Captioned web image data:
════

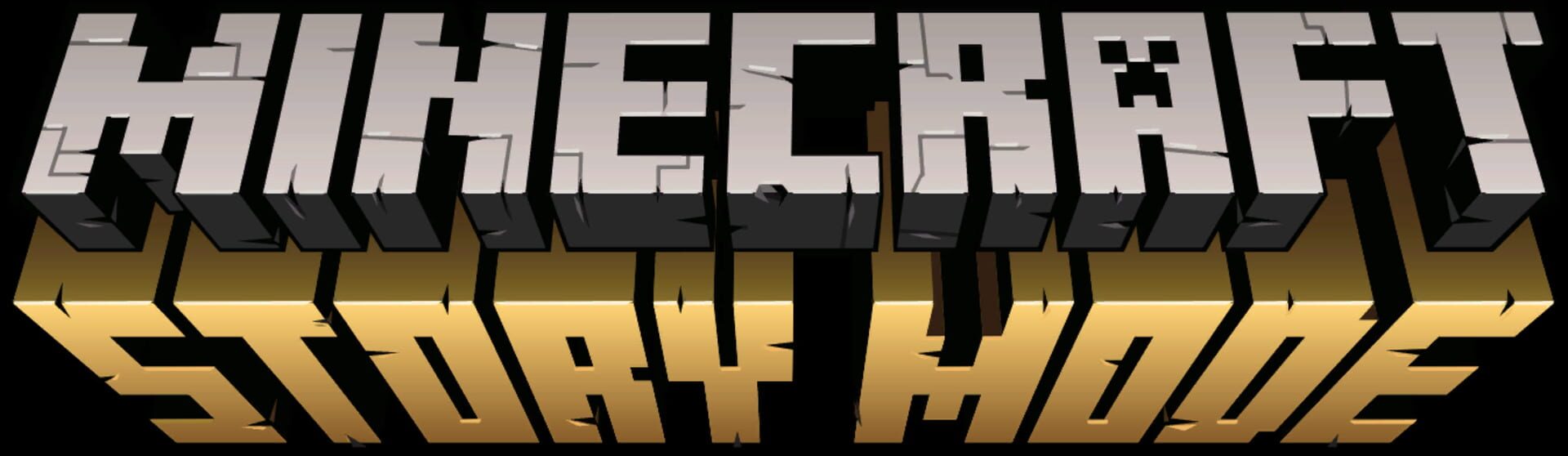 Minecraft: Story Mode artwork 21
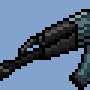 akm.png
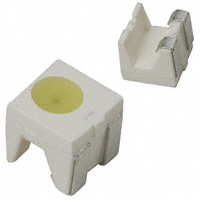 OSRAM Opto Semiconductors Inc. - LW A67C-T2U2-5K8L-Z - LED WHITE DIFF 2SMD R/A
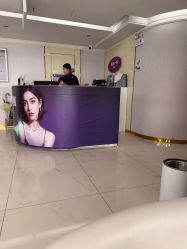 -广州美莱医疗美容医院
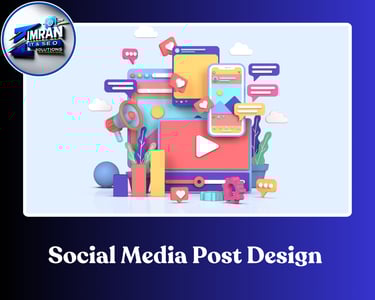 social-media-post-design-imran-it-and-seo-solutions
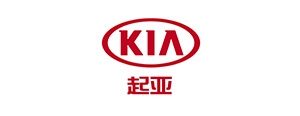 乐竞官网,乐竞（中国）一站式服务官网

════

Task description
In the records above, find the line with "social-media-post-design-imran-it-and-seo-solutions" and copy from it through the last line exactly, without the pictures.

Solution for this problem
 social-media-post-design-imran-it-and-seo-solutions
 乐竞官网,乐竞（中国）一站式服务官网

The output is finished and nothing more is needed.